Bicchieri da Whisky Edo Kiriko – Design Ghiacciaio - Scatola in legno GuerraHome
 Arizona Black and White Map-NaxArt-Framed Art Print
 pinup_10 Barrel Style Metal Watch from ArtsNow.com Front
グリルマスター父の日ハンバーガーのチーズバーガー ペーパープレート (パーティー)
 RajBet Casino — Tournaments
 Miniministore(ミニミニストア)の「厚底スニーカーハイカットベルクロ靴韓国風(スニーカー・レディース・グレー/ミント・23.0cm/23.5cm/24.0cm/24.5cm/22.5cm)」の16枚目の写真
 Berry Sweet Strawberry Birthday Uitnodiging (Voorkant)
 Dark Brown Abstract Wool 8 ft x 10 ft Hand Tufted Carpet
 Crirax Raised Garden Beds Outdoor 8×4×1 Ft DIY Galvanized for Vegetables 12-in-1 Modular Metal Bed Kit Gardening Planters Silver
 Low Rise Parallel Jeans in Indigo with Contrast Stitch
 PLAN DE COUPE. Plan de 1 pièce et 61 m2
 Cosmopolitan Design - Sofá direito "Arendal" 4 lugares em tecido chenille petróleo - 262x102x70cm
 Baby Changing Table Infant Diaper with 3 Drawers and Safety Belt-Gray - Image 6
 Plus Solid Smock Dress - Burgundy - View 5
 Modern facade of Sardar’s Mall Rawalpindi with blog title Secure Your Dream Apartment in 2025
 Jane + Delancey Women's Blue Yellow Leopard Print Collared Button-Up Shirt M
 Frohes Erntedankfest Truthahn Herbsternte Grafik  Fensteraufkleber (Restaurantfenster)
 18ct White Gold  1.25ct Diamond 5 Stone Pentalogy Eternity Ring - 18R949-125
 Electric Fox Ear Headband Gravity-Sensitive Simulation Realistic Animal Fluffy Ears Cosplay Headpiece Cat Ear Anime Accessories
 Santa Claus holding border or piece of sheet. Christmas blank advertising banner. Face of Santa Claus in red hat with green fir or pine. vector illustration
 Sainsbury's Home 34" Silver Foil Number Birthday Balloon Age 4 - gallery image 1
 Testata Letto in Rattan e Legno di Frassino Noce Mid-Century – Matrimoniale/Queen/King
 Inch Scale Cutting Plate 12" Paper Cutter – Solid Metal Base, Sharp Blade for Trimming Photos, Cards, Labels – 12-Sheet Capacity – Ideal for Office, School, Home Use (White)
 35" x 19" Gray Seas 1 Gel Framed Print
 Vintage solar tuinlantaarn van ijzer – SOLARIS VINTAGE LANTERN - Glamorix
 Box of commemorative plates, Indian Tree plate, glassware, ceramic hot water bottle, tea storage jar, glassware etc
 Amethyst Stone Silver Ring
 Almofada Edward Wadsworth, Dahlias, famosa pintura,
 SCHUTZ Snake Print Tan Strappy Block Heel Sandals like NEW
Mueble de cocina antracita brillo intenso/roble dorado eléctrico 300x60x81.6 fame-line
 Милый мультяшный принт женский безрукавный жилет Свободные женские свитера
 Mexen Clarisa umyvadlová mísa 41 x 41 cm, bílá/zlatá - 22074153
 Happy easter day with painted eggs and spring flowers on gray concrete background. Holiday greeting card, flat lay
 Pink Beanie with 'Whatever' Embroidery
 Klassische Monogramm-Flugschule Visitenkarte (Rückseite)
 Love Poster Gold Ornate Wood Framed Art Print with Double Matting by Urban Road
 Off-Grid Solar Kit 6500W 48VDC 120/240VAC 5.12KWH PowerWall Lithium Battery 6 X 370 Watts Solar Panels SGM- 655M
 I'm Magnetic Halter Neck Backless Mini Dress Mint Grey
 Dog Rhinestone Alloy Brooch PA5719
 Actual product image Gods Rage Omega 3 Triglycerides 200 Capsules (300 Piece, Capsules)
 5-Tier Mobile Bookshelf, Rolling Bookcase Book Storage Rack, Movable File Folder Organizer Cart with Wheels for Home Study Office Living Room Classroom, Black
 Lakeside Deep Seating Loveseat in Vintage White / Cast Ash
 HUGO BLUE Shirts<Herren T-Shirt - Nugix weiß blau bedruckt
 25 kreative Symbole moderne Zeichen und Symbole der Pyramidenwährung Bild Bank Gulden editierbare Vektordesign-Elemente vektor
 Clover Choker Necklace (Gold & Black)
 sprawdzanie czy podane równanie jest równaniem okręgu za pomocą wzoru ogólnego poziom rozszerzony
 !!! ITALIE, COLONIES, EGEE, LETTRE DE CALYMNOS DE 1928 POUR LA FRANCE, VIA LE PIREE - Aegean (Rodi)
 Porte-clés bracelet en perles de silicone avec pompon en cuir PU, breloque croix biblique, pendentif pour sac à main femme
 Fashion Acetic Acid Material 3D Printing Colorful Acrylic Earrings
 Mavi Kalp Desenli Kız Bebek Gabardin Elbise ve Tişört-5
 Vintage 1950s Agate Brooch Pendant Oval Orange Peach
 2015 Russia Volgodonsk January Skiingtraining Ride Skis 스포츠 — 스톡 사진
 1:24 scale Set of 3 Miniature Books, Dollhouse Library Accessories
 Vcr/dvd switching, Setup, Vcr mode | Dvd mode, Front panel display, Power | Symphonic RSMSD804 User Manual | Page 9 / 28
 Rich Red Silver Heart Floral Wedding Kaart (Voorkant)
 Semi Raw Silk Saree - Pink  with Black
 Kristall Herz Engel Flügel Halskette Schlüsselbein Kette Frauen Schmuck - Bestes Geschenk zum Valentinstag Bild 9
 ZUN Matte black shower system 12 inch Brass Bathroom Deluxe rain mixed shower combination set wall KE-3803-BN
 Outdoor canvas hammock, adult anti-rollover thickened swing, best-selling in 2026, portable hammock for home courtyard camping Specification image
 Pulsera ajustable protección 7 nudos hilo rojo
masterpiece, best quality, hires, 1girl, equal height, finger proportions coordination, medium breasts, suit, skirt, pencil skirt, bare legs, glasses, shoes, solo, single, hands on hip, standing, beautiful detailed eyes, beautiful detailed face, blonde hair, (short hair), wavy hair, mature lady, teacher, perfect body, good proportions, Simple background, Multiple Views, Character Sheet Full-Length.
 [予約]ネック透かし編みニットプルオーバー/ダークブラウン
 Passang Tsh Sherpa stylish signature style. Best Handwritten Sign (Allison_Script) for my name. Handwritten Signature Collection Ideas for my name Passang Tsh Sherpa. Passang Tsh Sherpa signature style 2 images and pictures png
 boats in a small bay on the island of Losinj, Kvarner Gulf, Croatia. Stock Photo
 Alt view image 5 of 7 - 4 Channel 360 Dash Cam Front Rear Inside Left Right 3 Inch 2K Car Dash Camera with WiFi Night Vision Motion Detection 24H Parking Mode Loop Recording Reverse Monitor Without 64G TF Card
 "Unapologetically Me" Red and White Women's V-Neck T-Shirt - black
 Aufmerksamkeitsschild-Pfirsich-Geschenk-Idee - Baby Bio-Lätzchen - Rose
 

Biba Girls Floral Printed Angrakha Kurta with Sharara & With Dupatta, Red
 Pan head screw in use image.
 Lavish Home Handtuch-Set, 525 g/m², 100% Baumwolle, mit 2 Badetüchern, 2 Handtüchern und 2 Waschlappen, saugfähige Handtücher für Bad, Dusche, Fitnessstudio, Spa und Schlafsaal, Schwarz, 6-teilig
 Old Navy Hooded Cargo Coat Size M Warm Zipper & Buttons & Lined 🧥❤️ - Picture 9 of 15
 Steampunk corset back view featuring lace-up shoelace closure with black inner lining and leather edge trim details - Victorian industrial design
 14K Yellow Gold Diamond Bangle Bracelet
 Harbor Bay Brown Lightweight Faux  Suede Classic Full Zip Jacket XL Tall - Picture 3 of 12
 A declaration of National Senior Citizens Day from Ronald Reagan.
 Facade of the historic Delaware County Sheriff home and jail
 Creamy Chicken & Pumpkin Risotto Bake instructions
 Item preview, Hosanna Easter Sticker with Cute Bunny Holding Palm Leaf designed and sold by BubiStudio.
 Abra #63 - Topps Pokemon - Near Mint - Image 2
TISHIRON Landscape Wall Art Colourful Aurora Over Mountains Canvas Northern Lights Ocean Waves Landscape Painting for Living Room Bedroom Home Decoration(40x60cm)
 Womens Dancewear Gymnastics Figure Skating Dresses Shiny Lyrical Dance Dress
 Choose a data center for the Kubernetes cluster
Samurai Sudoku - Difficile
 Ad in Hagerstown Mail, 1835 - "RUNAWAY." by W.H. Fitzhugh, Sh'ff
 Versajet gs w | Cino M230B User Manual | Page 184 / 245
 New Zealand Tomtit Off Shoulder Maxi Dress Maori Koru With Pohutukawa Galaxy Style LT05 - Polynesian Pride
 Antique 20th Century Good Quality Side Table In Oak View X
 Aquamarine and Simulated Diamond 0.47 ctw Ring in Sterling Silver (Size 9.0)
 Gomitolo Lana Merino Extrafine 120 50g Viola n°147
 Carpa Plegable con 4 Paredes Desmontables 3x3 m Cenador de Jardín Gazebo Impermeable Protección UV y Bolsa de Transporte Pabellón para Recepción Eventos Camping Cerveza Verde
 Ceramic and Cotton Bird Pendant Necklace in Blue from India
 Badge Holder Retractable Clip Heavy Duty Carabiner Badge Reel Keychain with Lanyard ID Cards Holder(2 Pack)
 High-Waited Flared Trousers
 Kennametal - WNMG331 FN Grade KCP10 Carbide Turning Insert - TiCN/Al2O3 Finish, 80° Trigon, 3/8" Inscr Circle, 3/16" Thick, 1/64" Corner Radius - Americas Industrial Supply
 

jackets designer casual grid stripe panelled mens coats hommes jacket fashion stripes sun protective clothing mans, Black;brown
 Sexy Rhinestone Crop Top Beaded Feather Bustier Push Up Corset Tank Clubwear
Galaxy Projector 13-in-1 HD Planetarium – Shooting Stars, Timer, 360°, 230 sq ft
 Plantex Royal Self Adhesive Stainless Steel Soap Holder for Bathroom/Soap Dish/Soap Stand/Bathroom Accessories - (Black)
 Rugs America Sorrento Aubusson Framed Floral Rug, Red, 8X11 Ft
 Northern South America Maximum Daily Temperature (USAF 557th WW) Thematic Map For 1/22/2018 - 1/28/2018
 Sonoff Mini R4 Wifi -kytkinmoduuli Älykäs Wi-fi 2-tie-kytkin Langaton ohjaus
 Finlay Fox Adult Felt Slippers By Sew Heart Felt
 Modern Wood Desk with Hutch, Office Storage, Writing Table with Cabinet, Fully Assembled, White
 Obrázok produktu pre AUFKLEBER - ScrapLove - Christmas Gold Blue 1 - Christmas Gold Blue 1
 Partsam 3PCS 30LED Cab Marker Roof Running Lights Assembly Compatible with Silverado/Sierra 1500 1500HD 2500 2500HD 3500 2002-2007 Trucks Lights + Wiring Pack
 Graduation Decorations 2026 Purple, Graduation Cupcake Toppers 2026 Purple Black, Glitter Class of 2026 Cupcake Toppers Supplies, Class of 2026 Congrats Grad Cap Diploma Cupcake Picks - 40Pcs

_ _ _ _ _

Lines holding "Mint": copy each one from the records above.

 I'm Magnetic Halter Neck Backless Mini Dress Mint Grey
 Abra #63 - Topps Pokemon - Near Mint - Image 2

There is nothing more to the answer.